I've made this version of lemon tart for over ten years. I've made it into a large 10 inch tart. I've made it into small bite size tarts. I've made it into a 4 inch individual tart. I've topped it with blueberries, blackberries, strawberries, and raspberries or combinations.
The base of the tart is basically a sugar cookie crust. Again, I've tried it with different crusts and I always come back to the sugar cookie crust or as the French would call it pate sucree. The sweet and sandy texture counters nicely the smooth tart curd.
Now the pastry arts are my passion but I am not a fan of making tart/pie dough. I find my desire and obsession to perfect it even before baking causes a lot of stress and mental anxiety. I've really had some melt downs making the crust. I admit it. :-) Don't even get me started about blind baking. Well, this year, I've found the perfect, easiest recipe and technique for making this sugar crust dough. It comes from Alice Medrich's Sinfully Easy Delicious Desserts cookbook. Thank you Alice! Here it is.
5 oz or 10 tablespoon unsalted butter, melted
1/4 cup of granulated sugar
1 tsp of vanilla
1/4 teaspoon of kosher salt
1 1/4 cup of flour
1/4 teaspoon of baking powder
Heat oven to 350 degrees
Combine butter, sugar, vanilla, and salt in a medium bowl.
Mix the flour and baking powder together thoroughly, add the butter mixture , and mix just until well blended.
If the dough seems too soft and gooey, let it stand for a few minutes to firm up.
Using a 9" tart pan with a removable bottom or four 4 inch smaller tart pans, press the dough evenly over the bottom and up the sides of the tart pans to make a thin, even layer.
Put the pan on a baking sheet.
Bake for 20 to 25 minutes, until the crust is fully golden brown all over. The dough will puff up.
Take it out of the oven and using a 1/4 cup measuring cup, press down on the dough firmly to remove the puffins and shape the tart back to it's original form. Let it cool completely.
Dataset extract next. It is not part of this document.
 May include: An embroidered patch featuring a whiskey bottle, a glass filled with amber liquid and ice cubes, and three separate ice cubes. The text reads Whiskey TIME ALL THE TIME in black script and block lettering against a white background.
It will be much easier to handle cooled.
It always amazes me that this luscious curd is basically, lemons, butter, egg, and sugar.
This is Ina Garten's ratio of the ingredients, but I've tweaked and simplified the recipe. You don't need fancy equipment, and you only need one pot. I find that when you use a food processor, unless you have a very fine mesh, the lemon peel falls through and adds a undesired texture to the curd.
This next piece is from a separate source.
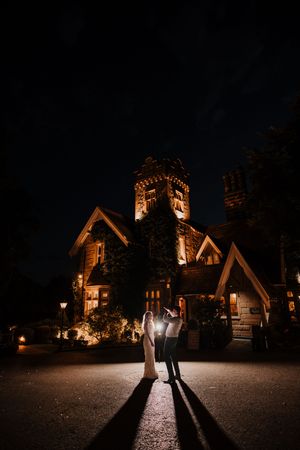 A romantic nighttime wedding photo sequence showing silhouettes against illuminated gothic stone buildings.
It's also easy to remember this recipe because there are a lot of four or 4s.
4 organic lemons
1.5 cup of sugar
4 oz or 1 stick of butter soften and cut into dice pieces
4 organic eggs
1/4 tsp of salt
Using a vegetable peeler, peel all the lemon zest into strips. Cut the strips into quarter inch pieces.
Cut the lemons in half and squeeze all the juice to make about 1/2 cup of lemon juice. Strain out all the seeds and pulp. Set aside.
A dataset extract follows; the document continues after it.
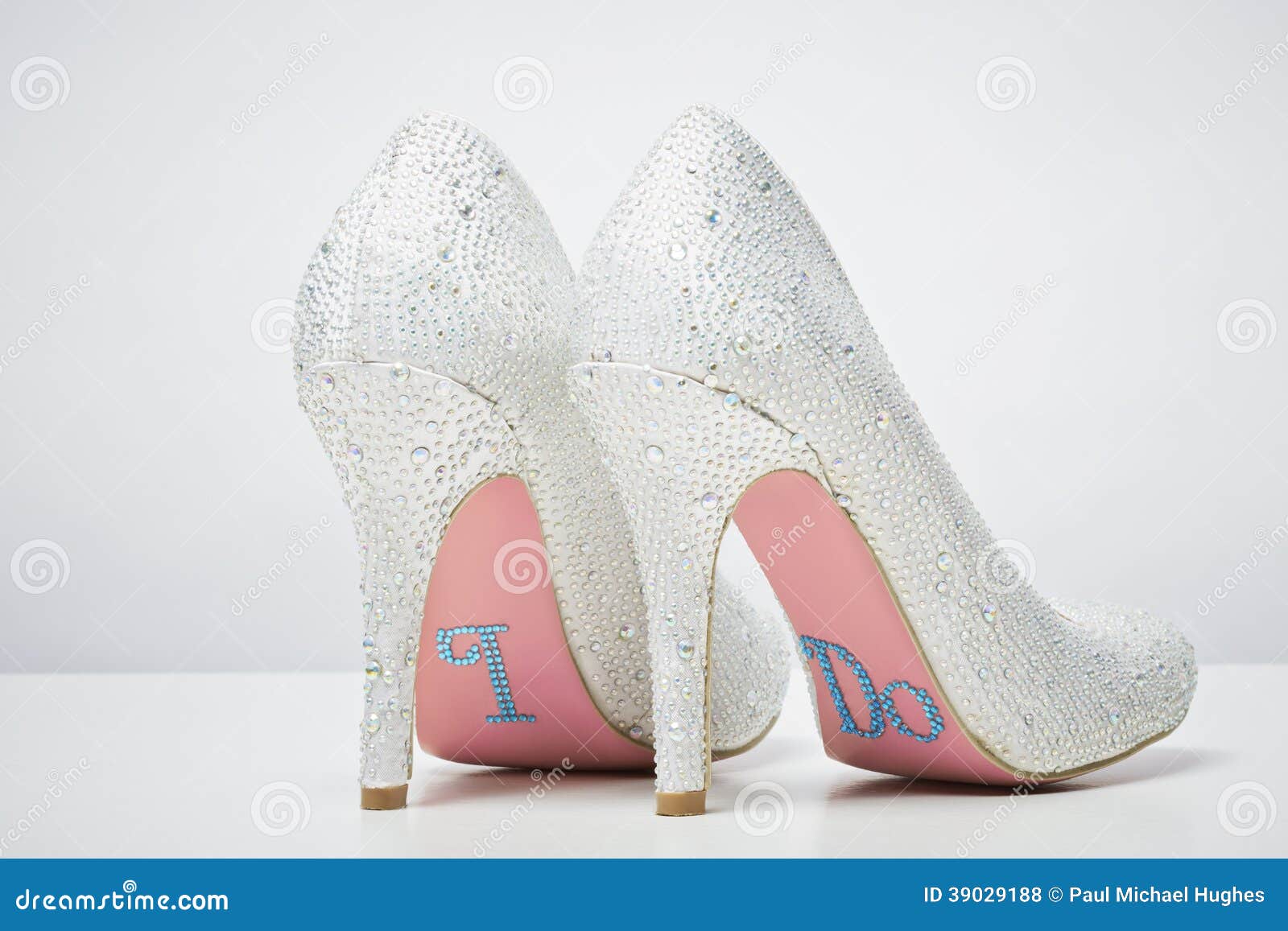 Bridal Wedding Shoes With I Do Message On Sole Isolated On White  Background. Marriage Concept Stock Photo, Picture and Royalty Free Image.  Image 26818048.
In a 2 quart sauce plan, place the sugar and the lemon zest. Using a wood spoon, pound the lemon zest into the sugar, stir and keep blending the lemon zest into the sugar. You are trying to release the lemon oils and flavor into the sugar. The sugar will be a bit dingy yellow and lemony fragrant.
Add the butter pieces into the sugar mixture and cream until fully combined.
Add one egg at a time until fully incorporated, repeat the next egg until all 4 are fully mixed in.
Stir in the lemon juice.
Put the sauce plan over medium heat for about 10 min and cook the mixture until thick or until it reaches 175 degrees. Stir continuously so that the egg does cook to the side or bottom of the pan.
Immediately poor over a strainer and set side until cooled.
Spoon the lemon curd into the tart crust until it's slightly less than the tart's rim.
Top it with your favorite berries. Serve immediately or place covered in the refrigerator.
This tart is for lemon lovers! Definitely!